Prior to March 1967, the IDA had rarely been mentioned in the U.S. media or in the left, underground or campus press. A few magazine articles on the IDA had appeared between 1956 and 1967 and the IDA had been mentioned in a few books for academic specialists published by university presses. The RAND Corporation, not the Institute for Defense Analyses, was the military-oriented think tank that had received most of the publicity prior to March 1967. But after Feldman's name appeared in some leftist publications in reference to the Columbia-IDA revelation, the FBI opened a file on him and started to investigate, according to Feldman's declassified FBI files.

The discovery of the IDA documents touched off a Columbia SDS anti-war campaign between April 1967 and April 1968, which demanded the Columbia University administration resign its institutional membership in the Institute for Defense Analyses. Following a peaceful demonstration inside the Low Library administration building on March 27, 1968, the Columbia Administration placed on probation six anti-war Columbia student activists, who were collectively nicknamed "The IDA Six," for violating its ban on indoor demonstrations.

Morningside Park gymnasium[ ]

Columbia's plan to construct what activists described as a segregated gymnasium in city-owned Morningside Park fueled anger among the nearby Harlem community. Opposition began in 1965 during the mayoral campaign of John Lindsay, who opposed the project. By 1967 community opposition had become more militant.[2] One of the causes for dispute was the gym's proposed design. Due to the topography of the area, Columbia's campus at Morningside Heights to the west was more than 100 feet (30 m) above the adjacent neighborhood of Harlem to the east. The proposed design would have an upper level to be used as a Columbia gym, and a lower level to be used as a community center.[3] By 1968, concerned students and community members saw the planned separate east and west entrances as an attempt to circumvent the Civil Rights Act of 1964, then a recent federal law that banned racially segregated facilities.[4] In addition, others were concerned with the appropriation of land from a public park.
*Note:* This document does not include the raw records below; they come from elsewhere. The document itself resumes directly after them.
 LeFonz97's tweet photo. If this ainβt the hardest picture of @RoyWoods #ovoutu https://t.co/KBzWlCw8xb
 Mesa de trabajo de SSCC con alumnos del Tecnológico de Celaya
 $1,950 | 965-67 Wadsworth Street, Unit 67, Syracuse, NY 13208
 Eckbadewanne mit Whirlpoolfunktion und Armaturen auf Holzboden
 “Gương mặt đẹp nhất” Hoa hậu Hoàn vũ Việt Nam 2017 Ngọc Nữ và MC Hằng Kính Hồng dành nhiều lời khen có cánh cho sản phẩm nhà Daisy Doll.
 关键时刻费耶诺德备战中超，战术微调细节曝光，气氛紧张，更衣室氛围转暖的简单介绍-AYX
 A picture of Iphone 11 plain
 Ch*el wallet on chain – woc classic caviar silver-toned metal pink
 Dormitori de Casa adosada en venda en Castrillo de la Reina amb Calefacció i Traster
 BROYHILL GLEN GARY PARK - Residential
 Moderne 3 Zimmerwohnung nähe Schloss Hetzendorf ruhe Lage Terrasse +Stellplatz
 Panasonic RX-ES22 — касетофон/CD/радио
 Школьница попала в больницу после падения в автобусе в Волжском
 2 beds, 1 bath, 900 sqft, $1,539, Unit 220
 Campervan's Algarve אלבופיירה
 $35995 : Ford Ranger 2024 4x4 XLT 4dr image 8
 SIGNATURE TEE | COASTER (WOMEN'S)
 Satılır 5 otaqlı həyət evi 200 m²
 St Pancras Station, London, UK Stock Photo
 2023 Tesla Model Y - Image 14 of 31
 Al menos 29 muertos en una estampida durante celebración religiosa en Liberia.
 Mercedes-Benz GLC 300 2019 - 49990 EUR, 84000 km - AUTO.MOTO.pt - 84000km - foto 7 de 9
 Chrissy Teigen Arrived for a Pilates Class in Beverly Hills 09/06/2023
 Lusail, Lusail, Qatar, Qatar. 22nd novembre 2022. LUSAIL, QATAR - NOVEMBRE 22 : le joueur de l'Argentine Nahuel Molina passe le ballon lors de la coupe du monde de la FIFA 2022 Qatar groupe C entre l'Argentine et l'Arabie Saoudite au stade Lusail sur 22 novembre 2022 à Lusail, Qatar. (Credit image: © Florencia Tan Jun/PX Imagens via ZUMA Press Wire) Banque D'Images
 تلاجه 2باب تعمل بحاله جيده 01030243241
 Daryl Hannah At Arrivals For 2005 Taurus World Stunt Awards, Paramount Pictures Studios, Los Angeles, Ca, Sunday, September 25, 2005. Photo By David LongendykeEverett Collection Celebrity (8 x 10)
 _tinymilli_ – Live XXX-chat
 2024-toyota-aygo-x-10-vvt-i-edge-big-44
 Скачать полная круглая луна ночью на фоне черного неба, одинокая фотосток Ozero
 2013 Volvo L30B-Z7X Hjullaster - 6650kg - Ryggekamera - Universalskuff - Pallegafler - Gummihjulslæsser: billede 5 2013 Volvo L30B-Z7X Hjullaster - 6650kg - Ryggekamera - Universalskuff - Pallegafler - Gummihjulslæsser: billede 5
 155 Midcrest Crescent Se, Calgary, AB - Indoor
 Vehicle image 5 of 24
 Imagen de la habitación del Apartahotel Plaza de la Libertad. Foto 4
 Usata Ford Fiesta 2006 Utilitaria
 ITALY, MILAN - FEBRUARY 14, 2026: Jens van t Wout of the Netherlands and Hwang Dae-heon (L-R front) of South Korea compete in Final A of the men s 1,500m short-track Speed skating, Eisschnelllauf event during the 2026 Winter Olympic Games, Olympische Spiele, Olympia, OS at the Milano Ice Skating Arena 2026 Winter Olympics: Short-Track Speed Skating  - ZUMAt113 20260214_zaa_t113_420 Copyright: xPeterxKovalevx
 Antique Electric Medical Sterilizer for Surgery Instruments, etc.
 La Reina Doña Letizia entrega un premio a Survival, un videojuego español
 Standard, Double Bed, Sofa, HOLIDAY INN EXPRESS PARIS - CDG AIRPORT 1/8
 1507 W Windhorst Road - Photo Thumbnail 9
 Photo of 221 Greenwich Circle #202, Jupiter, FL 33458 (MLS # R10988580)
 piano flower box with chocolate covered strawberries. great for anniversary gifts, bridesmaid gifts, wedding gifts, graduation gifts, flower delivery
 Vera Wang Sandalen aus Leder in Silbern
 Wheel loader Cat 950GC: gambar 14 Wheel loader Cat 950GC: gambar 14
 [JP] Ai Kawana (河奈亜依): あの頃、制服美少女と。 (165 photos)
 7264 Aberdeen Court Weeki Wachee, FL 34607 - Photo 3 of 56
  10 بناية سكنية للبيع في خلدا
Harlem activists opposed the construction because, despite being on public land and a park, Harlem residents would get only limited access to the facility. It was for these reasons that the project was labelled by some as "Gym Crow".

Since 1958 the University had evicted more than seven thousand Harlem residents from Columbia-controlled properties—85 percent of whom were African American or Puerto Rican. Many Harlem residents paid rent to the University.[2]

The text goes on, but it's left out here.